Robinson said this hen, banded and collared as an adult this past April, is part of a four-year research project to determine whether oil-drilling activity in the area is having any effect on the sharp-tailed grouse population. The area near Stanley is humming with oil development, as it has been for the past few years.

The bird I shot was one of 112 hens banded and collared this past April, Robinson said.

“We’re trying to be pro-active and see if we can figure out the mechanisms of change at a population level,” Robinson said. “My gut feeling is we’re not seeing an effect at this point, but we’re seeing behavioral changes that could lead to a population effect.”

Home ranges of birds in areas affected by the oil-field development are larger than those in a control-group at the Lostwood refuge, where no development is taking place, Robinson said.

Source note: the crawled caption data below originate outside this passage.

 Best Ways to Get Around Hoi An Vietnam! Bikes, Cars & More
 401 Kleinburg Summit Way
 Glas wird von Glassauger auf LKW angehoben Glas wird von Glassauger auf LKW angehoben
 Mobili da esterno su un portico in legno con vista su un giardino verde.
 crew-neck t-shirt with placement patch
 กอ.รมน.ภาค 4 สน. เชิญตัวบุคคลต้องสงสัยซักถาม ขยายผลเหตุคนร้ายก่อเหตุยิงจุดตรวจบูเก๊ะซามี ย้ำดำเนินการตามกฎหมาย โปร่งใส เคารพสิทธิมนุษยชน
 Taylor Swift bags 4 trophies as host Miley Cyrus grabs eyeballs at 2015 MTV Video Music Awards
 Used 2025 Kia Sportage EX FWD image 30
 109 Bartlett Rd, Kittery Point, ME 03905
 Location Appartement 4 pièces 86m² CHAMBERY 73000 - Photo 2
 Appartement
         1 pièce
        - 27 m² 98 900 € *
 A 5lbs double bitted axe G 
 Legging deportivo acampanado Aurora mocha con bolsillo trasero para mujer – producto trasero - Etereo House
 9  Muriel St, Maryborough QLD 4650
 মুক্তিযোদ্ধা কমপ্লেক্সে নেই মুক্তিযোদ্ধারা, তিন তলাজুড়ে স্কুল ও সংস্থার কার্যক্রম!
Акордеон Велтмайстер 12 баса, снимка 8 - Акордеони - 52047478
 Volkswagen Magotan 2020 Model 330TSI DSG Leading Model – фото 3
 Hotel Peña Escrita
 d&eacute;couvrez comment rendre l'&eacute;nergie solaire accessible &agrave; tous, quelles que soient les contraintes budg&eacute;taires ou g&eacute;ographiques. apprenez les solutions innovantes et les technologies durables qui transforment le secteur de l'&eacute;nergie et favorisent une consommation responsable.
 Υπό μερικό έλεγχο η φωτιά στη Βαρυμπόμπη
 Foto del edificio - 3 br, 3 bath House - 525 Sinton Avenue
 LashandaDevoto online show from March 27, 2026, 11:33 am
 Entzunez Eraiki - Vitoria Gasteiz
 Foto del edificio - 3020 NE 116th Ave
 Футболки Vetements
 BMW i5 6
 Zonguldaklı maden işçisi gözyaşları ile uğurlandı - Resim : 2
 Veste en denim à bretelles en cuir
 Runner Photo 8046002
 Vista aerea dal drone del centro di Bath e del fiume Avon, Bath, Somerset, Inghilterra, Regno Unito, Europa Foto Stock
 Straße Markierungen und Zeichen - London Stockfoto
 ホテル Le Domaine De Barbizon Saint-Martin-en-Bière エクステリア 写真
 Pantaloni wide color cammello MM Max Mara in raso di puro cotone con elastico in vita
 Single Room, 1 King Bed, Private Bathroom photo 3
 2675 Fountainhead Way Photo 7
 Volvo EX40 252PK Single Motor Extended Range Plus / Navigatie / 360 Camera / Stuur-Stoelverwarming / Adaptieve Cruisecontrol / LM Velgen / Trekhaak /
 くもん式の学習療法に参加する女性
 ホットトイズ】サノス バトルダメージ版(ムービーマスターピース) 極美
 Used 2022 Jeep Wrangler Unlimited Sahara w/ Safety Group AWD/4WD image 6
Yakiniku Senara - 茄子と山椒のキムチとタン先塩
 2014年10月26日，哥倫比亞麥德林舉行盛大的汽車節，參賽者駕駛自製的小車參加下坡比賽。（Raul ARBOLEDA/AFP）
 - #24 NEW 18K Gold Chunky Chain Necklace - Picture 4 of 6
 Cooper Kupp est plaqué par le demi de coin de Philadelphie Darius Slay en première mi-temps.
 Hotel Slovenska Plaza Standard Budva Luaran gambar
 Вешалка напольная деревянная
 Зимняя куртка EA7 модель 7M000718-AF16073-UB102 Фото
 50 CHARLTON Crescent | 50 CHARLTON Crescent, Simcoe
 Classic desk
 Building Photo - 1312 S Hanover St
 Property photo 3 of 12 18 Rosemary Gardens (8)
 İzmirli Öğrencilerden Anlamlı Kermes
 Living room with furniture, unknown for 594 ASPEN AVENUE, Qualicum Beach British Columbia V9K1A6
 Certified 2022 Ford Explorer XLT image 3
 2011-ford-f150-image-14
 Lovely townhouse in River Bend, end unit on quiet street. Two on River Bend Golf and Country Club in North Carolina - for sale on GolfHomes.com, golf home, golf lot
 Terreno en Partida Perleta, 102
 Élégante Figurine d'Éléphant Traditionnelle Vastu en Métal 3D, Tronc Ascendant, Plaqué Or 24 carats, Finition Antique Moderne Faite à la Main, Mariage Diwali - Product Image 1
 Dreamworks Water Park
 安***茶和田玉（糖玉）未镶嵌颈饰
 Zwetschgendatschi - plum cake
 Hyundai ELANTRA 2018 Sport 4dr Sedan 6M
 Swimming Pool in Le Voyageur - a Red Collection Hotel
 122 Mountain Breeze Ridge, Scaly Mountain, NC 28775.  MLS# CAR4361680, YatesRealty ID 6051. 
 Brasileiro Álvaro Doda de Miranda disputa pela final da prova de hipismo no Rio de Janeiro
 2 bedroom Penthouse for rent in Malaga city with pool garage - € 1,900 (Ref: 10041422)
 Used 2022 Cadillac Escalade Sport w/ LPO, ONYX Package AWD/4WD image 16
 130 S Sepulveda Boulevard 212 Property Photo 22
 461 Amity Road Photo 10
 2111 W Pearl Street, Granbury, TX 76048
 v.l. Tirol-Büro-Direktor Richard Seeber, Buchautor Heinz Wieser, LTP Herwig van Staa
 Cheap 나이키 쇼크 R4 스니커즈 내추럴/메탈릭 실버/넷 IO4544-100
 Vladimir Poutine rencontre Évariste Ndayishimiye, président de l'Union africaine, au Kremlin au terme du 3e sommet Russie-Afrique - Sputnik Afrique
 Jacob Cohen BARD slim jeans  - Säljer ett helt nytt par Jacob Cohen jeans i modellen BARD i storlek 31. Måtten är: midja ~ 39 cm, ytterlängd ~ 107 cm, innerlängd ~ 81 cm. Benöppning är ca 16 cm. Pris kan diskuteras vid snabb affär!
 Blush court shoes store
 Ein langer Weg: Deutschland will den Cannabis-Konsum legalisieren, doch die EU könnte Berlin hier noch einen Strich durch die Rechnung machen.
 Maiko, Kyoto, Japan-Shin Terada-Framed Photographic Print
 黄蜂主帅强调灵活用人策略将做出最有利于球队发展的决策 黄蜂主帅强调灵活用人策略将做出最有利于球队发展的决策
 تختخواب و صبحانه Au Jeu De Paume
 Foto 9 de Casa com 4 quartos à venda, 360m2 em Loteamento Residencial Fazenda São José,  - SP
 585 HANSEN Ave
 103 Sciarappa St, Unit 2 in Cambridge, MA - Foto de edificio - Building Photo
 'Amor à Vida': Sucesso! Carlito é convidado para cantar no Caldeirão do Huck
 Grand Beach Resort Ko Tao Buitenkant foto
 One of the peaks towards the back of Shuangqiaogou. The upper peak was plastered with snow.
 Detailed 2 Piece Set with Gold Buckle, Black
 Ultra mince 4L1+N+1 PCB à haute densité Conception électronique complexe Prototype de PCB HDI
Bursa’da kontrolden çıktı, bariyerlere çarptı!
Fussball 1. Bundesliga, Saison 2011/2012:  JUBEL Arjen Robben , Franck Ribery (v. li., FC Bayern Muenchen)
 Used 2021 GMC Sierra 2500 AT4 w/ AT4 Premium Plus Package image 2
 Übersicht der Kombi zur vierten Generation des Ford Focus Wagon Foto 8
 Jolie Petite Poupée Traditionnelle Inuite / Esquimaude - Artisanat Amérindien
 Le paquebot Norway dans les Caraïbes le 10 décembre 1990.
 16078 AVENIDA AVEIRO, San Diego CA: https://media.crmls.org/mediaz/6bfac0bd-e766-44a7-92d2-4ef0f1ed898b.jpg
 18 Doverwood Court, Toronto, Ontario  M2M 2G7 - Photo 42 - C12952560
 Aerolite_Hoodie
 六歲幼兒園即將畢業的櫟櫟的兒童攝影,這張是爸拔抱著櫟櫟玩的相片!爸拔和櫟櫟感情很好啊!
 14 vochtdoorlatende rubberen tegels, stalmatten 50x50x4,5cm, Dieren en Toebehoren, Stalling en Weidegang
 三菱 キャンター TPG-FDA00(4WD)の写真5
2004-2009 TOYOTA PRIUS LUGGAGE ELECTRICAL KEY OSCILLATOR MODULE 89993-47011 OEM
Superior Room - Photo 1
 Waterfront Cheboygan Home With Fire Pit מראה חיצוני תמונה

This coming year, Robinson will add another control-group in an area of agricultural activity, as opposed to the relatively untouched native prairie at Lostwood. He hopes to draw a more accurate comparison of grouse behavior with the addition of the farmland birds.

The radio collar, which weighs 10 grams (about .35 ounces), seemed to have no effect on the sharptail’s flight. The bird flushed and flew naturally, and I didn’t notice the collar or antenna until Lucy retrieved the bird to me.

The sharptails are trapped while on and near their leks, or dancing grounds, in the spring, Robinson said. They follow chicken-wire “leads,” like small fences, that lead them into a circular chicken-wire pen through a funneled entrance. They could get out of the pen, but it’s difficult for them to find the small opening in the funnel once inside.

Of the 112 hens banded this year, only 10 had broods, Robinson said. Good brood success would range from 40 to 50 percent, but not a lot of research has been done on sharptails, and Robinson doesn’t know for sure what normal or average brood success is, he said.

The birds’ movements are tracked by radio-telemetry either from an airplane or from a vehicle, Robinson said.

The bird I shot is the first hen to have been taken by hunting this fall, Robinson said, although several males, which had bands but not radio collars, also have been taken.

I’m permitted to keep the band from the bird I shot, but I’ll return the collar to Robinson. It’s worth about $200 and can be used again, he said.